A tag is treated as a first-class object and is unique across TagPacks. That
implies that the same label (e.g., Internet Archive
) can be assigned several
times to the same address (e.g., 1Archive1n2C579dMsAu3iC6tWzuQJz8dN
),
typically by different parties.
Since TagPacks are essentially files pushed to some Git repository, they can be
uniquely identified by their Git URI
(e.g., https://github.com/graphsense/graphsense-tagpacks/blob/master/packs/demo.yaml
).
The URI identifier of a TagPack is set in config.yaml
in the root folder of each TagPack.
In config.yaml
, the base URI and the Cassandra keyspace are specified:
baseURI: https://github.com/graphsense/graphsense-tagpacks
targetKeyspace: tagpacks
Permitted fields and categorization information can be defined by
adding them to the schema file (schema.yaml
) of a TagPack repository.
That file also defines supported categories and possible forms of abuses.
fields:
header:
- title
- creator
- description
- tags
tag:
- address
- label
- source
- currency
- category
- lastmod
- abuse
categories:
- Exchange
- Wallet Service
- Miner
- Marketplace
- Gambling
- Mixing Service
- Other
- Unspecified
abuses:
- Scam
- Sextortion
- Hack
- Ransomware
- Ponzi Scheme
Please note that additional fields must also be considered in the schema
definition (./packs/schema_tagpacks.yaml
) when needed for further processing.
Step 1: Fork this repository
Step 2: Add your TagPacks to the folder packs
Step 3: Validate your TagPack ./scripts/tag_pack_tool.py validate packs/demo.yaml
Step 4: Contribute them to GraphSense public TagPack collection by submitting a pull request
All pull requests will be reviewed by the GraphSense core development team and only be accepted if the following conditions are met:
1.) None of the tags contains personally identifiable information (PII)

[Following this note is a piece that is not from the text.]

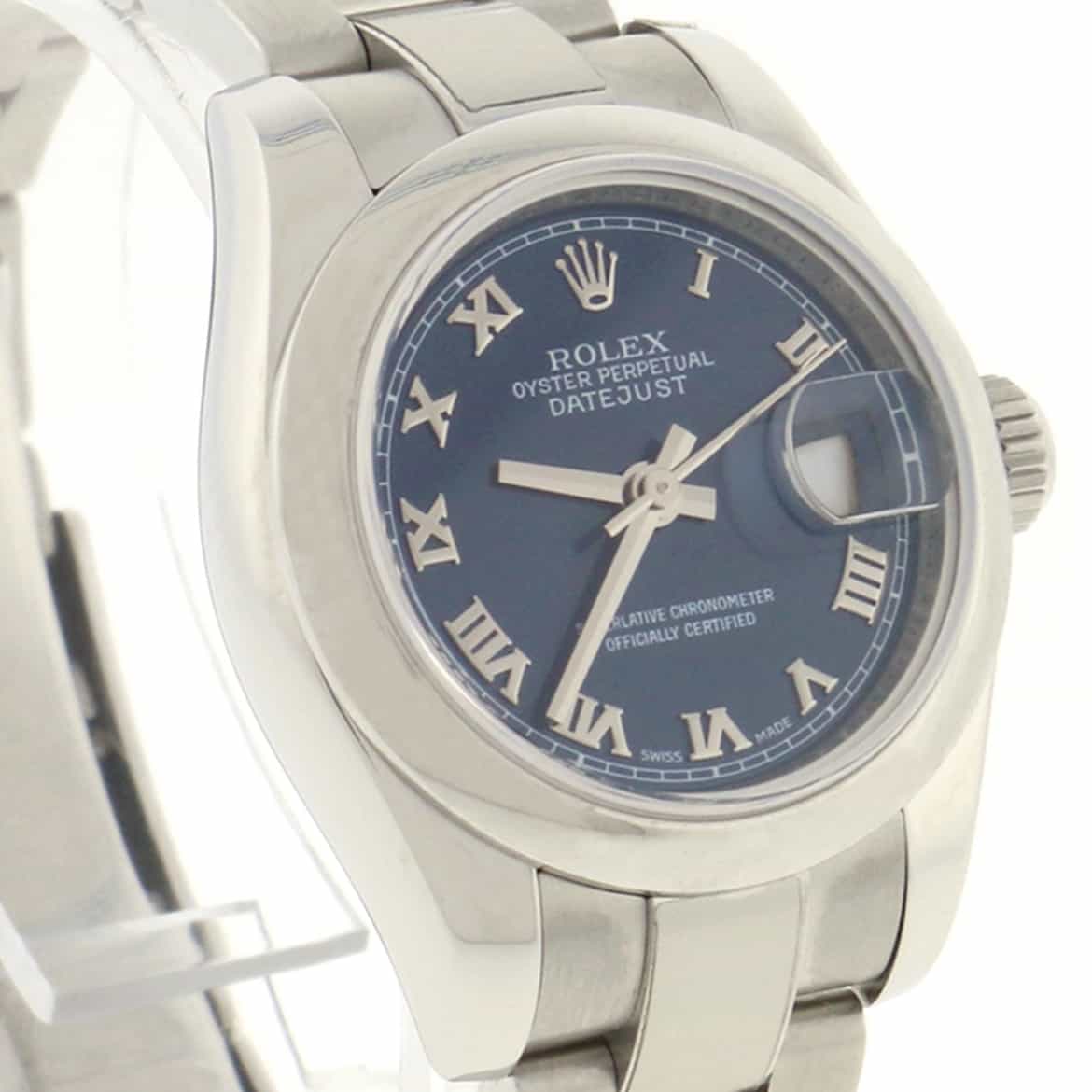 Rolex Datejust Ladies Blue Roman Dial 26MM Domed Bezel Automatic Stainless Steel Oyster Watch 179160 - Image 7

2.) All tags originate from public sources
3.) All tags provide a dereferenceable pointer to their origin
TagPacks not fulfilling above criteria can be maintained in some private Git repositories.
Ensure that there is a keyspace tagpacks
in your local Cassandra instance.
./scripts/create_tagpack_schema.sh
Put your TagPacks in the packs
subfolder and validate and ingest them:
./scripts/tag_pack_tool.py validate -f <root_folder1> [<root_folder2> ...]
./scripts/tag_pack_tool.py ingest -f <root_folder1> [<root_folder2> ...]
<root_folder1>
is your TagPack folder (default: this folder), but it
can be set to another TagPack folder with different config.yaml
and packs
(e.g., private data). A list of arguments is also supported, in case
multiple TagPacks folders need to be validated and ingested.
When ingesting TagPacks, you can specify the batch size to improve performances
with the -b
parameter (default is 500).
After ingesting new TagPacks you should re-run the graphsense-transformation job in order to propagate newly added tags over all computation steps.